The one-fifth increase in funding from Brazil (up $2.5m, 21% to $15m) was mostly an artefact of improved data collection, though the similarly-sized fall from South Africa (down $2.3m, -29%) was, sadly, genuine – a result of cuts from both the South African DSI and MRC.
LMIC governments remain much more heavily focused than other funders on basic research, which received 57% of their funds in 2023, compared to just 18% for other funders. In 2023, their funding for basic & early-stage research rose to $87m (up $22m, 33%), capturing a record 77% of public LMIC funding. Partly as a result of this focus on basic research, the share of funding they commit to clinical development is much lower than other funders’ – 6% compared to 26% across all other sectors. These gaps are smaller but still striking if we instead compare LMIC governments only to those in high-income countries.
Table 3. Top public R&D funders 2014-2023
Funding from public multilaterals
Funding from multilaterals declined for a second consecutive year from their record high in 2021, dropping by a further $12m (-21%) to $44m. While this drop was smaller than last year’s, it still brought funding to its lowest point since 2015, sitting at two-thirds of its ten-year average and well under half of its 2021 peak.

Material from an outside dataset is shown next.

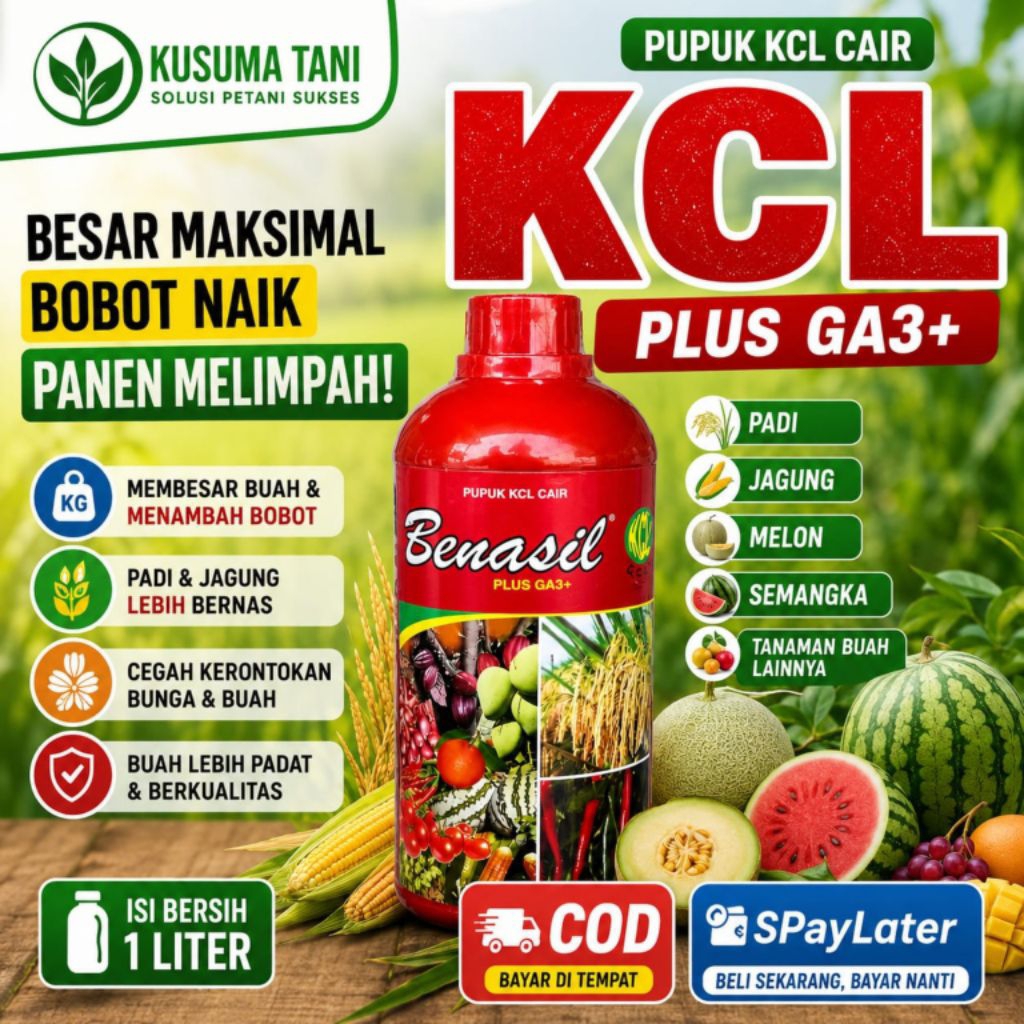 Pupuk KCL Cair Benasil Plus GA3+ 1 Liter | Pembesar Buah Pengkilap Buah Penambah Bobot Buah Padi Jag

More than half of this fall was driven by Unitaid (down $6.8m, -14%) – as always by far the largest multilateral funder, responsible for 95% of the 2023 total. Funding from CARB-X also fell, reflecting cuts to its Salmonella and rheumatic fever vaccine programmes. This left CARB-X only narrowly the second largest multilateral funder and took its funding to a low of just $0.9m in 2023 (down $4.0m, -81%), just 7% of its 2020 peak. After recent declines, funding from the only two other significant multilateral contributors – the Task Force for Global Health and Grand Challenges Canada – rebounded slightly. However, the World Bank, last year's third-largest multilateral contributor, provided no funding at all for the first time since 2014.

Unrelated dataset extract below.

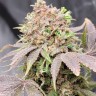 Семена каннабиса Auto Lowryder #2 feminised Ganja Seeds Семена каннабиса Auto Lowryder #2 feminised Ganja Seeds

Public funding adjusted for GDP
Absolute funding can be a misleading measure of public investment in neglected disease R&D as it can understate the relative contributions of smaller and lower-income countries. For this reason, we also analyse countries’ investments as a proportion of their gross domestic product (GDP).

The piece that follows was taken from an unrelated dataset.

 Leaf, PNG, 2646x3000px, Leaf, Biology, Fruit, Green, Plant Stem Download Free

The US remained the top funder by share of GDP in 2023, devoting $7.07 per $100k of its GDP to R&D for neglected diseases, down slightly from 2022. They were followed by the UK at $2.61 per $100k, with India close behind at $2.46 per $100k. Both the US and UK have seen their funding relative to GDP fall over the past few years, the US dropping from $9.02 in 2020 to this year’s $7.07 per $100k and the UK from $6.90 to just $2.61.
Conversely, there were three countries outside the top 12 largest funders which appear here when ranked by their contributions relative to GDP: Sweden (fourth highest by GDP and thirteenth largest funder overall), South Africa (fifth highest by GDP and seventeenth overall), and Colombia (twelfth by GDP and twentieth overall).